◆ EXERCISE DATA

▶

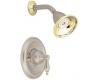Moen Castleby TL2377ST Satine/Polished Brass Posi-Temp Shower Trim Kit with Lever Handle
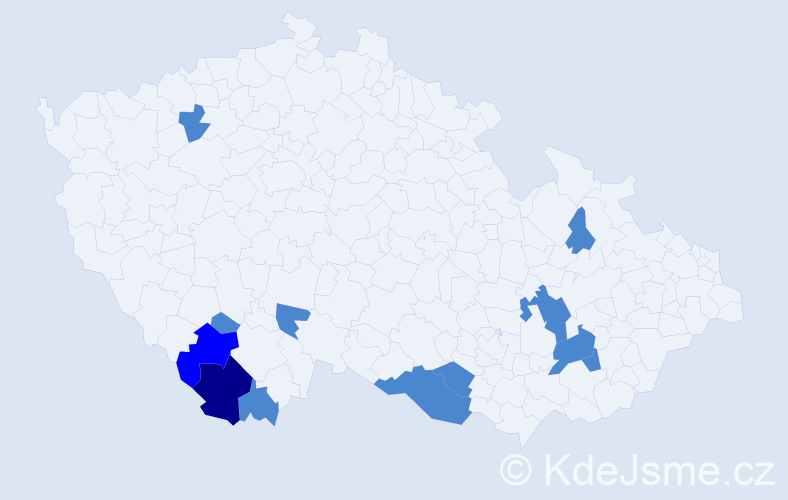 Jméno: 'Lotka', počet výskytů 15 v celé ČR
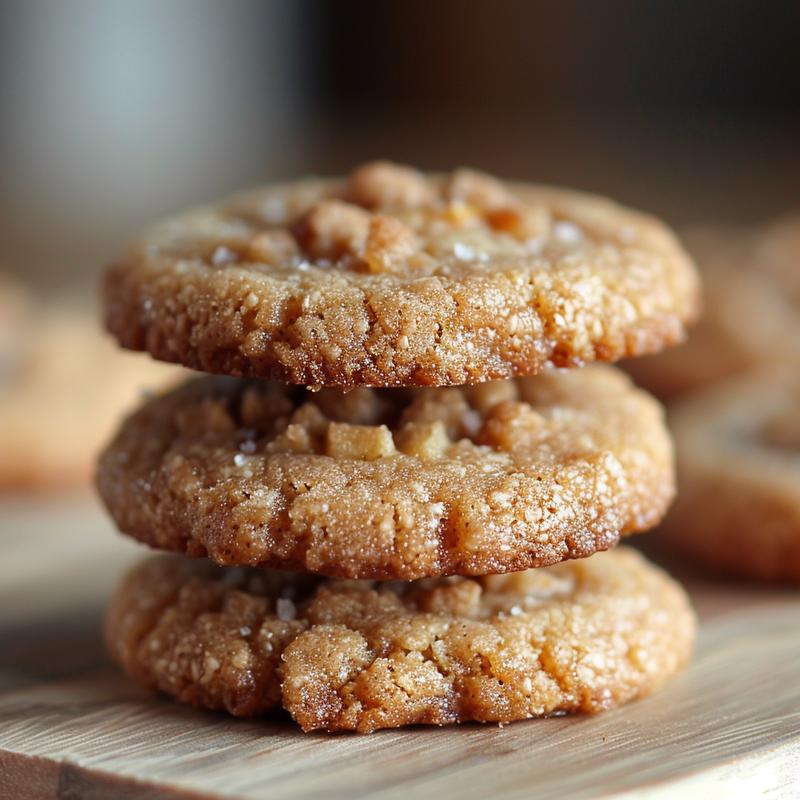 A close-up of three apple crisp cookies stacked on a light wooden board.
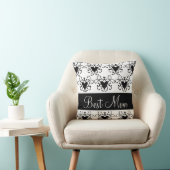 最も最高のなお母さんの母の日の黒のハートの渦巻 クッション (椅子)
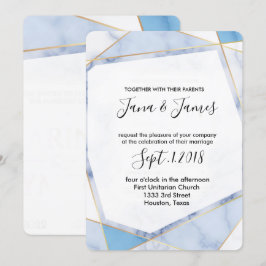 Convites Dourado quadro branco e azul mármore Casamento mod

◀
▶

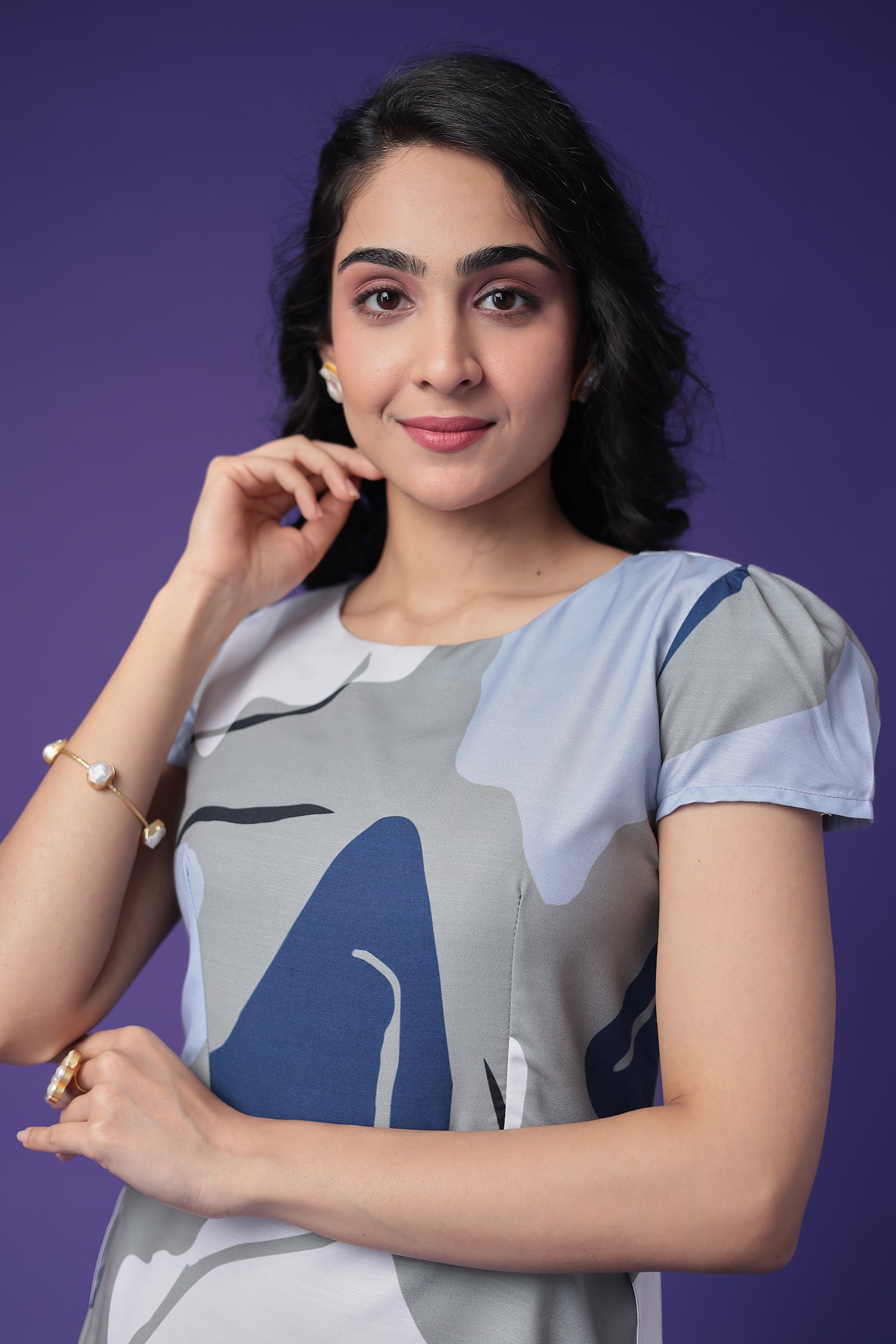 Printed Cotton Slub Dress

◀

◆ TASK TO CARRY OUT
Those lines of the records above that run from the one containing "Moen Castleby TL2377ST" through the one containing "Convites Dourado quadro" should be returned exactly, with no pictures among them.

◆ ANSWER TO THIS PROBLEM
Moen Castleby TL2377ST Satine/Polished Brass Posi-Temp Shower Trim Kit with Lever Handle
 Jméno: 'Lotka', počet výskytů 15 v celé ČR
 A close-up of three apple crisp cookies stacked on a light wooden board.
 最も最高のなお母さんの母の日の黒のハートの渦巻 クッション (椅子)
 Convites Dourado quadro branco e azul mármore Casamento mod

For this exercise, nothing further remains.